For our project 'Using Machine Learning to Determine the Political Leanings of Satirical News Publications', we will use some of the same techniques as we explored in Harvard Events, and thus this familiarity is one of our motivations for choosing this project topic. Our project will use a web scraper, which we have experience with, as well as language processing. The nature of language processing is much more complex in this case than in the past Harvard Events project as instead of having a lookup table for relevant phrases, we will instead be processing the language of the texts to search for features that reveal the political leanings of their authors (and, by extension via majority vote, the publication).
Further, this project caters to our curiosity and interests. The project caters to our curiosity in that we are genuinely interested in confirming our hypothesis that satirical news organizations often have a liberal slant. The project caters to our interests as the project’s inclusion of machine learning in conjunction with language processing is very appealing to us. This project includes a lot of our learning goals, including learning to predict an author’s political orientation merely by parsing natural language.
Project Objectives
What are the scientific and inferential goals for this project? What would you like to learn and accomplish? List the benefits:
We have a hypothesis and want to use data science to test it. Our hypothesis is that satirical news organizations, which frequently claim to be “neutral” in terms of their politics, actually have a strong political slant. We conjecture, for example, that this is true of The Onion, among many other popular websites. This hypothesis lends us to the main scientific goal for this project: we want to be able to give our model a corpus of text from any given news/satirical news website, and to have it predict the political leanings of that website.

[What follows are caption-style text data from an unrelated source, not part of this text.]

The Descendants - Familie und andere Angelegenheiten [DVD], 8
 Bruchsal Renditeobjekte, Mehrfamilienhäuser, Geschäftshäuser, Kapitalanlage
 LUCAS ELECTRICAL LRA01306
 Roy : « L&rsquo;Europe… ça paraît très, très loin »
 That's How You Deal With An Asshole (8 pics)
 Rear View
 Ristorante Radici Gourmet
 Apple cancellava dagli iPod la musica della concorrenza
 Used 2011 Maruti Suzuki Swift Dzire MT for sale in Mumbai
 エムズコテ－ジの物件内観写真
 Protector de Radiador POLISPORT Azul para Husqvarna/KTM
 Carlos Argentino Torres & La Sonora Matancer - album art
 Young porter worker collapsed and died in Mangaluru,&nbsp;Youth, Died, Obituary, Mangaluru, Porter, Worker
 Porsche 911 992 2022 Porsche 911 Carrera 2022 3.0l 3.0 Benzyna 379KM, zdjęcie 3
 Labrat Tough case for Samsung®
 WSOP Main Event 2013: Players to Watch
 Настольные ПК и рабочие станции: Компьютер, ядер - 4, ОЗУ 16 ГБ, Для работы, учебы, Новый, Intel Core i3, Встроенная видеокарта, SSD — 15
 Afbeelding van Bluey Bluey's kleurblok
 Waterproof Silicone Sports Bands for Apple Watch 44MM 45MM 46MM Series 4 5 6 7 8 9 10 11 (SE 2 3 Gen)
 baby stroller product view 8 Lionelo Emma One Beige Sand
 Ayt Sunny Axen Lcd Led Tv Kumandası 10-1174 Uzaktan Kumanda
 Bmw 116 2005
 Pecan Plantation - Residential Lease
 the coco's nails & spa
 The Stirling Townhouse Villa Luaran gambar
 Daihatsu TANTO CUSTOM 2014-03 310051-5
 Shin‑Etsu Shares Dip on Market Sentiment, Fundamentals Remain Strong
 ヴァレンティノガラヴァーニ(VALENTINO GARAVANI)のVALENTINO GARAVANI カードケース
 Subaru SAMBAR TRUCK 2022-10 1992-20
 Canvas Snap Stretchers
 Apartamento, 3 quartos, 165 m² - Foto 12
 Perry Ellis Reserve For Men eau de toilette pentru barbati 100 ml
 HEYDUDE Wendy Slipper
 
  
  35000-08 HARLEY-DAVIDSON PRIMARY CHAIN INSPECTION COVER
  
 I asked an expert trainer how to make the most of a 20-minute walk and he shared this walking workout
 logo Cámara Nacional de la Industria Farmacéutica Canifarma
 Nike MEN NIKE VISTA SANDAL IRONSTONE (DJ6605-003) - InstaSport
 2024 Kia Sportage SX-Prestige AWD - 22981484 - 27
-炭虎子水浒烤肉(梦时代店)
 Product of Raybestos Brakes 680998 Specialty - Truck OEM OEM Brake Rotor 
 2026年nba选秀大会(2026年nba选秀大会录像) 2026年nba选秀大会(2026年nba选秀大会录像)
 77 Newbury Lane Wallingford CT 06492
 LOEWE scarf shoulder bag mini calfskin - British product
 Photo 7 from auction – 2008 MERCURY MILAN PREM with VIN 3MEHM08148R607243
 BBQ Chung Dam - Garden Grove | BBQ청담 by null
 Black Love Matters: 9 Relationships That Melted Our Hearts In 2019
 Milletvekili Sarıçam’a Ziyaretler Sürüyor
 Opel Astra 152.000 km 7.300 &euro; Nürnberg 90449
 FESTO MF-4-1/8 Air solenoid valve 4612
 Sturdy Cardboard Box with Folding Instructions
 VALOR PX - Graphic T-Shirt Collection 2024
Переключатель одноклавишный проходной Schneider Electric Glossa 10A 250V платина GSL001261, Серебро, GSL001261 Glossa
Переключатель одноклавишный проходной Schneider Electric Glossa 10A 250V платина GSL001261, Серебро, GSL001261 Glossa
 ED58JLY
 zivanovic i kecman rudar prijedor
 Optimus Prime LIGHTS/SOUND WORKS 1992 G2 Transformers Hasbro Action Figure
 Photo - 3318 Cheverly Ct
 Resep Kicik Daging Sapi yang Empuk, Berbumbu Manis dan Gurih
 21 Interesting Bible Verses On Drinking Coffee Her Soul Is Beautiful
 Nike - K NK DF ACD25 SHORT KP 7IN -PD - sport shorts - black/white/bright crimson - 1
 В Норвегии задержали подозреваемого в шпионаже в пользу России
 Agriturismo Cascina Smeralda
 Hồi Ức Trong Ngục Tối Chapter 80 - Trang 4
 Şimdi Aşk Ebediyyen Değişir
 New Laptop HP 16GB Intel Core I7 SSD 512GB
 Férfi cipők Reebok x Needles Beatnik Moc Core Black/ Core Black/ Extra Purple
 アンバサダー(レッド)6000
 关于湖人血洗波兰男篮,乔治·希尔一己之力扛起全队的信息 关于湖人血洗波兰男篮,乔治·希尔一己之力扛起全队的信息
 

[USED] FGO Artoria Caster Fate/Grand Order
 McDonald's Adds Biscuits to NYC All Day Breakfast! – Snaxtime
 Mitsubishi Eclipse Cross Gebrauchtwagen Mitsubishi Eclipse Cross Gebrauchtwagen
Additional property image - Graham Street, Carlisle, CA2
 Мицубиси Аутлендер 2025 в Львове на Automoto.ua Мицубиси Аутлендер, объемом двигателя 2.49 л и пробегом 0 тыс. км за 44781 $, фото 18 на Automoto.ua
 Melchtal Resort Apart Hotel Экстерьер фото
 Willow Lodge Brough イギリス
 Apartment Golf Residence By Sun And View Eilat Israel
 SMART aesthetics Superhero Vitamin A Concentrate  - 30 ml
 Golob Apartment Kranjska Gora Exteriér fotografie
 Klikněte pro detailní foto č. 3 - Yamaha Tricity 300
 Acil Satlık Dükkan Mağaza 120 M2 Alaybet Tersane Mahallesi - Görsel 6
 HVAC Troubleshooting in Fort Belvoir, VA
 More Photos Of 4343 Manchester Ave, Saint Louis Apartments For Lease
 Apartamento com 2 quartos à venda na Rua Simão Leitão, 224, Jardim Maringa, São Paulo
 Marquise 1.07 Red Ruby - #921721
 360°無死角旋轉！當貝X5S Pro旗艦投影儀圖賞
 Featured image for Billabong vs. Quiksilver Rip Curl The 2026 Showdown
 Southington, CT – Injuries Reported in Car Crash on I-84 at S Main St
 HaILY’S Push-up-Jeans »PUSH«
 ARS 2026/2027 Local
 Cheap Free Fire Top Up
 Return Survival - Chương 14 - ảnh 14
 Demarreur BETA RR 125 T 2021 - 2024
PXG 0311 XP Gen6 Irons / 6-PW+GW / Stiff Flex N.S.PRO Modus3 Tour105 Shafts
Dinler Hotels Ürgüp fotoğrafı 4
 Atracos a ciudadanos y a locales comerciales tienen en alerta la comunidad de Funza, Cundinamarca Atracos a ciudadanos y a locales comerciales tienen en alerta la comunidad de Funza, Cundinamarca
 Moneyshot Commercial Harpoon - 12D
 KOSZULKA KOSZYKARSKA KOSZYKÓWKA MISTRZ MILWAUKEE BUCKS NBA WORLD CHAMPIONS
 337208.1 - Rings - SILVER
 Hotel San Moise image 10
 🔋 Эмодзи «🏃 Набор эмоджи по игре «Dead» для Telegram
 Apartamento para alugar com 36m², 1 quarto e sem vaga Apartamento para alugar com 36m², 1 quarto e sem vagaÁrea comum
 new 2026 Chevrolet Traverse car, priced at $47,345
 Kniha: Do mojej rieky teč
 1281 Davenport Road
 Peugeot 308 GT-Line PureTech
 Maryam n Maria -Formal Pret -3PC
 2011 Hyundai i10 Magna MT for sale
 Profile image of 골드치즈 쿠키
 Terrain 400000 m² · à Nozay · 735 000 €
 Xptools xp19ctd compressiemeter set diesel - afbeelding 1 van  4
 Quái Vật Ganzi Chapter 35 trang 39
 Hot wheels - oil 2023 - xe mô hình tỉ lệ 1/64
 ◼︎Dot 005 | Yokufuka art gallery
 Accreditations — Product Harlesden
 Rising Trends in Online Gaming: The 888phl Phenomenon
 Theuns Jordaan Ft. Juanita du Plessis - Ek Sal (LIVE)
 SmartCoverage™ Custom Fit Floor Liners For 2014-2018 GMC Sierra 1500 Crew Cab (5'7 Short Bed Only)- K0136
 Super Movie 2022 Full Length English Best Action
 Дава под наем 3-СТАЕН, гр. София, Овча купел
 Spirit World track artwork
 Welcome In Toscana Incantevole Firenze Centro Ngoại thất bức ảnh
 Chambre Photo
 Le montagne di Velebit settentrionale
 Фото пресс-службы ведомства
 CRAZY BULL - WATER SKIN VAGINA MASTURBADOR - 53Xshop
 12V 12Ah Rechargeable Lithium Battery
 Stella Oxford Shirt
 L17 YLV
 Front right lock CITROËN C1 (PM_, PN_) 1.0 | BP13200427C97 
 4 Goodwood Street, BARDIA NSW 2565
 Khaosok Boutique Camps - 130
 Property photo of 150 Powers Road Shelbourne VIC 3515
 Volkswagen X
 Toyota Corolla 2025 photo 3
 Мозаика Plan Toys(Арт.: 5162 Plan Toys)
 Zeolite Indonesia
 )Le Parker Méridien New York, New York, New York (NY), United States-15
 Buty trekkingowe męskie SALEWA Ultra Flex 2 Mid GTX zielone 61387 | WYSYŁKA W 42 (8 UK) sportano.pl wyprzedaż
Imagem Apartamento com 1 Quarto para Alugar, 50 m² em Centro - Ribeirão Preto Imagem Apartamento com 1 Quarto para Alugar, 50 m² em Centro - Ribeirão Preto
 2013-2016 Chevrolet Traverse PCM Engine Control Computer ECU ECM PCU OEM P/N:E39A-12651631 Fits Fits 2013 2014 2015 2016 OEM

In order for us to test this hypothesis, we’re going to need to scrape a great deal of text from the websites of interests and delve into language processing as our means of feature learning. We hope to learn a lot from this process; ideally, we’ll develop a very efficient methodology for gathering texts from the websites of interests, and we’ll create a model of classifying articles with a political leaning from our application of language processing. Once we have written our web scrapers and created this model using language processing, we wager that we will have learned a lot in the process. Thus, learning about data scraping is one of our learning goals, and learning more about language processing is another one of our goals.
Must-Have Features
These are features or calculations without which you would consider your project to be a failure:
In order for our project to be successful, we want to determine if it’s possible to assign a political orientation to any given news article. In order for us to achieve this, we need a web scraper which is able to read the given news article, and we will need to consider the key characteristics of a large number of news articles with known political orientations. These components are truly the core of our project.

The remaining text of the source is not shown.